Your goal:
Your response should consist of every record, exactly as given.

-------- Given records

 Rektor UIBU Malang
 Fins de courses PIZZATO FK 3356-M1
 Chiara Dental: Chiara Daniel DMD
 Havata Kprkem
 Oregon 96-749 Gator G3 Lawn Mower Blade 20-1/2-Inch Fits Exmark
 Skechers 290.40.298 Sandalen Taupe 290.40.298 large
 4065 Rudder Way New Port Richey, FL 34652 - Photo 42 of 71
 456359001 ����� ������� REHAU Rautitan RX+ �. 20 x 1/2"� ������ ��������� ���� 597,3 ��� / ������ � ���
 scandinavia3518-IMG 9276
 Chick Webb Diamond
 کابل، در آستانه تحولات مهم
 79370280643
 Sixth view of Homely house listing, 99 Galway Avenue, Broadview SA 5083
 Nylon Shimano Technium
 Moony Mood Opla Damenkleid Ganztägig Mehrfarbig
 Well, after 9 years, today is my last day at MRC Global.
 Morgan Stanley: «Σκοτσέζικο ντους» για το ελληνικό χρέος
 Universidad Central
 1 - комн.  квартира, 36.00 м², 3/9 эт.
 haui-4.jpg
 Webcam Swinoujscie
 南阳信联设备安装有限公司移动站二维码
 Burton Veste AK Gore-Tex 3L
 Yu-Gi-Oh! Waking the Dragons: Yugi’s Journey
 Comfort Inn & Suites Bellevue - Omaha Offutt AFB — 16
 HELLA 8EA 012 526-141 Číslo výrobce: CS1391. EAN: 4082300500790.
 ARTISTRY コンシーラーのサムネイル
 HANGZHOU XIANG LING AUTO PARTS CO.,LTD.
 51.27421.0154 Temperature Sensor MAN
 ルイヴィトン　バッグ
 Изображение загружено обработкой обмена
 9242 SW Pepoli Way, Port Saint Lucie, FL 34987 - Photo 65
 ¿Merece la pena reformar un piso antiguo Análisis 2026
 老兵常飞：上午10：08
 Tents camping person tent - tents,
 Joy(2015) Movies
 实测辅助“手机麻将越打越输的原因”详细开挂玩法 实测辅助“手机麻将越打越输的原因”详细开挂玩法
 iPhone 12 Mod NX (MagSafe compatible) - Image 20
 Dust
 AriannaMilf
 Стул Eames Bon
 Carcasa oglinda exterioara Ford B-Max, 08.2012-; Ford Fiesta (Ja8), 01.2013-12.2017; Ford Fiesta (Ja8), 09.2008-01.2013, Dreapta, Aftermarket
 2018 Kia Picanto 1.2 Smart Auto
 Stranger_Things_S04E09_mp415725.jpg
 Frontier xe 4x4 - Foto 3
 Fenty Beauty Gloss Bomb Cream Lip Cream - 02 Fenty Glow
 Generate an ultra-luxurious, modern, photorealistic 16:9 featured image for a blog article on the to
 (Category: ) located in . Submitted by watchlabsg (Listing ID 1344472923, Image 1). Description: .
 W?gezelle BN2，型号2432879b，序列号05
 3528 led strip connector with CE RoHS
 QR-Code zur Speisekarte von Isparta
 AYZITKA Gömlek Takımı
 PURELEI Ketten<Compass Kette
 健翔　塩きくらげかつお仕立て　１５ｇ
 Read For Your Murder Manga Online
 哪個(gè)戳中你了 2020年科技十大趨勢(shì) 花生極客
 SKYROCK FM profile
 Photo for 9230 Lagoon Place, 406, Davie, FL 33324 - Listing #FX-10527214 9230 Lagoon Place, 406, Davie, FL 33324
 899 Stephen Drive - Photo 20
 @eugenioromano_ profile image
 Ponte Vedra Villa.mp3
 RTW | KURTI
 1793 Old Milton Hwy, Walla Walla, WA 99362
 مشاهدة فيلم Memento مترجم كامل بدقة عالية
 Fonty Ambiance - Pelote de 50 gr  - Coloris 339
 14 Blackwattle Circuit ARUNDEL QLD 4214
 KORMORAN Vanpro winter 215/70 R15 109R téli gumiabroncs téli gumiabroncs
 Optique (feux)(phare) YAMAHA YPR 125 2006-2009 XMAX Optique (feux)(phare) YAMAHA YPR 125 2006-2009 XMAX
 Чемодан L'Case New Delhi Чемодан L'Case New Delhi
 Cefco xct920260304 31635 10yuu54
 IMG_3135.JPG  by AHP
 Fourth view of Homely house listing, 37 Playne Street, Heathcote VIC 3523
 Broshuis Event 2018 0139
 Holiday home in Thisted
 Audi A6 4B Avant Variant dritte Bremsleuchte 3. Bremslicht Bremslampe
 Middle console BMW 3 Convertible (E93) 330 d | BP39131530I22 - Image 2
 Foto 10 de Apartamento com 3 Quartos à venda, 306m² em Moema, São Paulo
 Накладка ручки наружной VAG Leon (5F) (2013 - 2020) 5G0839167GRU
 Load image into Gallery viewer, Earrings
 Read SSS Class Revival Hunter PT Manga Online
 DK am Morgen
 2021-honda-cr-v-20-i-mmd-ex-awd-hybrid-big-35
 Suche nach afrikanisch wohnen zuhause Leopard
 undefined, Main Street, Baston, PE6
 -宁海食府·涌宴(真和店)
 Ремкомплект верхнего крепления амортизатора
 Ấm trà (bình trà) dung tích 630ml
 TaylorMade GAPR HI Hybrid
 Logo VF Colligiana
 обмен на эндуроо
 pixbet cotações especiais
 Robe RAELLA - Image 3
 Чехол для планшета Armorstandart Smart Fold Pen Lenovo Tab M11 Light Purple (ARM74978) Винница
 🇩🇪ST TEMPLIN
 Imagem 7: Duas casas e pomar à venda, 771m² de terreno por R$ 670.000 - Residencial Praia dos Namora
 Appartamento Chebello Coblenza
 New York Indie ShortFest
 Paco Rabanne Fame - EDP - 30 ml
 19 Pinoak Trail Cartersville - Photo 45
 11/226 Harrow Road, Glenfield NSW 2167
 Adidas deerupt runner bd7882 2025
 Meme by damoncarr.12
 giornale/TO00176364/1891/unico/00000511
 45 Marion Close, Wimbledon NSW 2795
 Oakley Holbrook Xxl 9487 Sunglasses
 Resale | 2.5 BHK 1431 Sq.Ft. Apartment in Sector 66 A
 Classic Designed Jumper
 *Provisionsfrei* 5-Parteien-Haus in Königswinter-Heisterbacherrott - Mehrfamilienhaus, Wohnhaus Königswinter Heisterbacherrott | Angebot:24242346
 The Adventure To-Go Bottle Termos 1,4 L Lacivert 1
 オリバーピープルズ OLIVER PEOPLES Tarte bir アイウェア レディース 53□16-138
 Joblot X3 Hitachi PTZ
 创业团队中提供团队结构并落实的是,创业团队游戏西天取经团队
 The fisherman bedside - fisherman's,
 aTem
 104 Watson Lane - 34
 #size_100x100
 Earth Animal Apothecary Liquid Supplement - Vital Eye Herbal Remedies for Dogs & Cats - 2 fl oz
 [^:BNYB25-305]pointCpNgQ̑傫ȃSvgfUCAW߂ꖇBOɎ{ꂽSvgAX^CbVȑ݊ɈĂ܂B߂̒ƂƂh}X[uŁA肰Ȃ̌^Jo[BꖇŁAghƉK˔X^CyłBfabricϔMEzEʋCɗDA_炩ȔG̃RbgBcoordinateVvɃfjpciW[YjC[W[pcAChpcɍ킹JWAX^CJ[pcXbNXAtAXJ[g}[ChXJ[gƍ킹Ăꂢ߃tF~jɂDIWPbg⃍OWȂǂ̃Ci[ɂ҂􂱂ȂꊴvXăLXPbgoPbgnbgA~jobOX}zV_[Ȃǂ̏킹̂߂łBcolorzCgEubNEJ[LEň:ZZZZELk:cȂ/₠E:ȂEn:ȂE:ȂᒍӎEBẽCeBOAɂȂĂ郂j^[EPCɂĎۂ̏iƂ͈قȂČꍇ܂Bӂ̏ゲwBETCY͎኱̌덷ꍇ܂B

----------------

Task response:
 Rektor UIBU Malang
 Fins de courses PIZZATO FK 3356-M1
 Chiara Dental: Chiara Daniel DMD
 Havata Kprkem
 Oregon 96-749 Gator G3 Lawn Mower Blade 20-1/2-Inch Fits Exmark
 Skechers 290.40.298 Sandalen Taupe 290.40.298 large
 4065 Rudder Way New Port Richey, FL 34652 - Photo 42 of 71
 456359001 ����� ������� REHAU Rautitan RX+ �. 20 x 1/2"� ������ ��������� ���� 597,3 ��� / ������ � ���
 scandinavia3518-IMG 9276
 Chick Webb Diamond
 کابل، در آستانه تحولات مهم
 79370280643
 Sixth view of Homely house listing, 99 Galway Avenue, Broadview SA 5083
 Nylon Shimano Technium
 Moony Mood Opla Damenkleid Ganztägig Mehrfarbig
 Well, after 9 years, today is my last day at MRC Global.
 Morgan Stanley: «Σκοτσέζικο ντους» για το ελληνικό χρέος
 Universidad Central
 1 - комн.  квартира, 36.00 м², 3/9 эт.
 haui-4.jpg
 Webcam Swinoujscie
 南阳信联设备安装有限公司移动站二维码
 Burton Veste AK Gore-Tex 3L
 Yu-Gi-Oh! Waking the Dragons: Yugi’s Journey
 Comfort Inn & Suites Bellevue - Omaha Offutt AFB — 16
 HELLA 8EA 012 526-141 Číslo výrobce: CS1391. EAN: 4082300500790.
 ARTISTRY コンシーラーのサムネイル
 HANGZHOU XIANG LING AUTO PARTS CO.,LTD.
 51.27421.0154 Temperature Sensor MAN
 ルイヴィトン　バッグ
 Изображение загружено обработкой обмена
 9242 SW Pepoli Way, Port Saint Lucie, FL 34987 - Photo 65
 ¿Merece la pena reformar un piso antiguo Análisis 2026
 老兵常飞：上午10：08
 Tents camping person tent - tents,
 Joy(2015) Movies
 实测辅助“手机麻将越打越输的原因”详细开挂玩法 实测辅助“手机麻将越打越输的原因”详细开挂玩法
 iPhone 12 Mod NX (MagSafe compatible) - Image 20
 Dust
 AriannaMilf
 Стул Eames Bon
 Carcasa oglinda exterioara Ford B-Max, 08.2012-; Ford Fiesta (Ja8), 01.2013-12.2017; Ford Fiesta (Ja8), 09.2008-01.2013, Dreapta, Aftermarket
 2018 Kia Picanto 1.2 Smart Auto
 Stranger_Things_S04E09_mp415725.jpg
 Frontier xe 4x4 - Foto 3
 Fenty Beauty Gloss Bomb Cream Lip Cream - 02 Fenty Glow
 Generate an ultra-luxurious, modern, photorealistic 16:9 featured image for a blog article on the to
 (Category: ) located in . Submitted by watchlabsg (Listing ID 1344472923, Image 1). Description: .
 W?gezelle BN2，型号2432879b，序列号05
 3528 led strip connector with CE RoHS
 QR-Code zur Speisekarte von Isparta
 AYZITKA Gömlek Takımı
 PURELEI Ketten<Compass Kette
 健翔　塩きくらげかつお仕立て　１５ｇ
 Read For Your Murder Manga Online
 哪個(gè)戳中你了 2020年科技十大趨勢(shì) 花生極客
 SKYROCK FM profile
 Photo for 9230 Lagoon Place, 406, Davie, FL 33324 - Listing #FX-10527214 9230 Lagoon Place, 406, Davie, FL 33324
 899 Stephen Drive - Photo 20
 @eugenioromano_ profile image
 Ponte Vedra Villa.mp3
 RTW | KURTI
 1793 Old Milton Hwy, Walla Walla, WA 99362
 مشاهدة فيلم Memento مترجم كامل بدقة عالية
 Fonty Ambiance - Pelote de 50 gr  - Coloris 339
 14 Blackwattle Circuit ARUNDEL QLD 4214
 KORMORAN Vanpro winter 215/70 R15 109R téli gumiabroncs téli gumiabroncs
 Optique (feux)(phare) YAMAHA YPR 125 2006-2009 XMAX Optique (feux)(phare) YAMAHA YPR 125 2006-2009 XMAX
 Чемодан L'Case New Delhi Чемодан L'Case New Delhi
 Cefco xct920260304 31635 10yuu54
 IMG_3135.JPG  by AHP
 Fourth view of Homely house listing, 37 Playne Street, Heathcote VIC 3523
 Broshuis Event 2018 0139
 Holiday home in Thisted
 Audi A6 4B Avant Variant dritte Bremsleuchte 3. Bremslicht Bremslampe
 Middle console BMW 3 Convertible (E93) 330 d | BP39131530I22 - Image 2
 Foto 10 de Apartamento com 3 Quartos à venda, 306m² em Moema, São Paulo
 Накладка ручки наружной VAG Leon (5F) (2013 - 2020) 5G0839167GRU
 Load image into Gallery viewer, Earrings
 Read SSS Class Revival Hunter PT Manga Online
 DK am Morgen
 2021-honda-cr-v-20-i-mmd-ex-awd-hybrid-big-35
 Suche nach afrikanisch wohnen zuhause Leopard
 undefined, Main Street, Baston, PE6
 -宁海食府·涌宴(真和店)
 Ремкомплект верхнего крепления амортизатора
 Ấm trà (bình trà) dung tích 630ml
 TaylorMade GAPR HI Hybrid
 Logo VF Colligiana
 обмен на эндуроо
 pixbet cotações especiais
 Robe RAELLA - Image 3
 Чехол для планшета Armorstandart Smart Fold Pen Lenovo Tab M11 Light Purple (ARM74978) Винница
 🇩🇪ST TEMPLIN
 Imagem 7: Duas casas e pomar à venda, 771m² de terreno por R$ 670.000 - Residencial Praia dos Namora
 Appartamento Chebello Coblenza
 New York Indie ShortFest
 Paco Rabanne Fame - EDP - 30 ml
 19 Pinoak Trail Cartersville - Photo 45
 11/226 Harrow Road, Glenfield NSW 2167
 Adidas deerupt runner bd7882 2025
 Meme by damoncarr.12
 giornale/TO00176364/1891/unico/00000511
 45 Marion Close, Wimbledon NSW 2795
 Oakley Holbrook Xxl 9487 Sunglasses
 Resale | 2.5 BHK 1431 Sq.Ft. Apartment in Sector 66 A
 Classic Designed Jumper
 *Provisionsfrei* 5-Parteien-Haus in Königswinter-Heisterbacherrott - Mehrfamilienhaus, Wohnhaus Königswinter Heisterbacherrott | Angebot:24242346
 The Adventure To-Go Bottle Termos 1,4 L Lacivert 1
 オリバーピープルズ OLIVER PEOPLES Tarte bir アイウェア レディース 53□16-138
 Joblot X3 Hitachi PTZ
 创业团队中提供团队结构并落实的是,创业团队游戏西天取经团队
 The fisherman bedside - fisherman's,
 aTem
 104 Watson Lane - 34
 #size_100x100
 Earth Animal Apothecary Liquid Supplement - Vital Eye Herbal Remedies for Dogs & Cats - 2 fl oz
 [^:BNYB25-305]pointCpNgQ̑傫ȃSvgfUCAW߂ꖇBOɎ{ꂽSvgAX^CbVȑ݊ɈĂ܂B߂̒ƂƂh}X[uŁA肰Ȃ̌^Jo[BꖇŁAghƉK˔X^CyłBfabricϔMEzEʋCɗDA_炩ȔG̃RbgBcoordinateVvɃfjpciW[YjC[W[pcAChpcɍ킹JWAX^CJ[pcXbNXAtAXJ[g}[ChXJ[gƍ킹Ăꂢ߃tF~jɂDIWPbg⃍OWȂǂ̃Ci[ɂ҂􂱂ȂꊴvXăLXPbgoPbgnbgA~jobOX}zV_[Ȃǂ̏킹̂߂łBcolorzCgEubNEJ[LEň:ZZZZELk:cȂ/₠E:ȂEn:ȂE:ȂᒍӎEBẽCeBOAɂȂĂ郂j^[EPCɂĎۂ̏iƂ͈قȂČꍇ܂Bӂ̏ゲwBETCY͎኱̌덷ꍇ܂B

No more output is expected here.